• **Data shown**
■ ■ ■ ■ ■
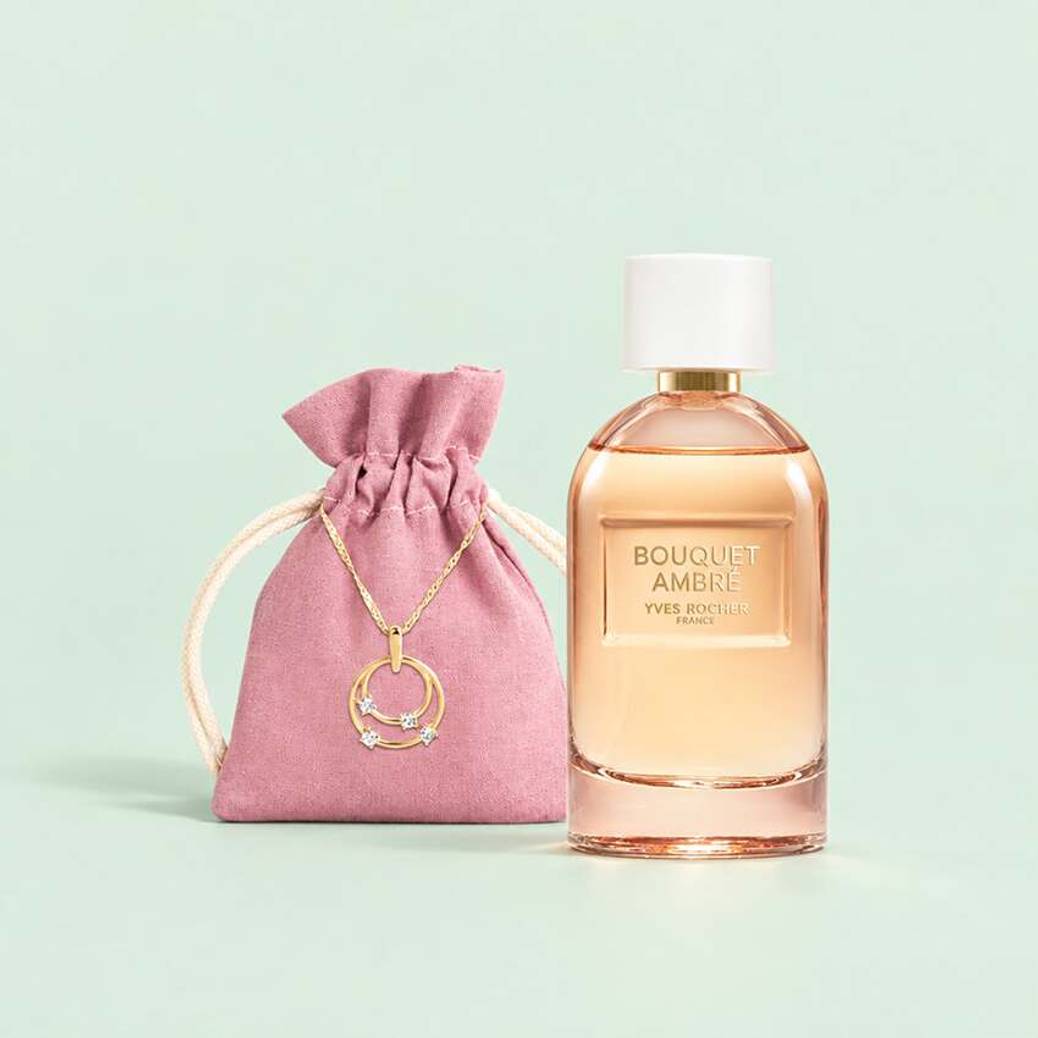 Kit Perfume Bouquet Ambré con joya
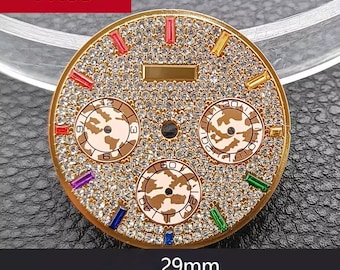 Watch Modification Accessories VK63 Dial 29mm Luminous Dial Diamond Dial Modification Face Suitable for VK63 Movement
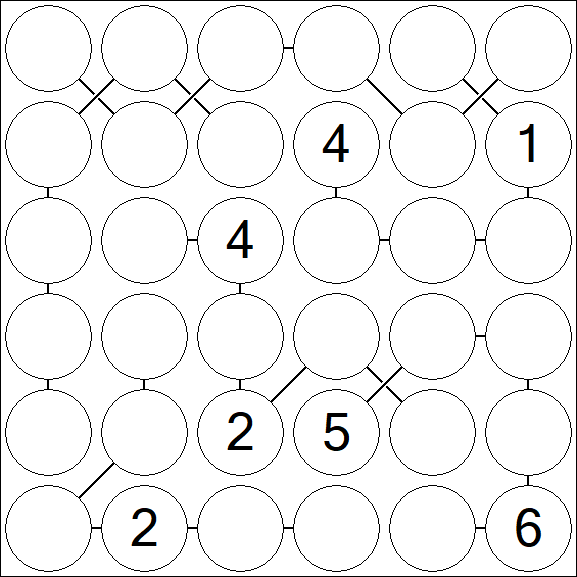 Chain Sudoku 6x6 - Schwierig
■ ■ ■ ■ ■
• **Aim of the exercise**
Write every line above out again exactly; pictures do not belong in the copy.

• **Task result**
 Kit Perfume Bouquet Ambré con joya
 Watch Modification Accessories VK63 Dial 29mm Luminous Dial Diamond Dial Modification Face Suitable for VK63 Movement
 Chain Sudoku 6x6 - Schwierig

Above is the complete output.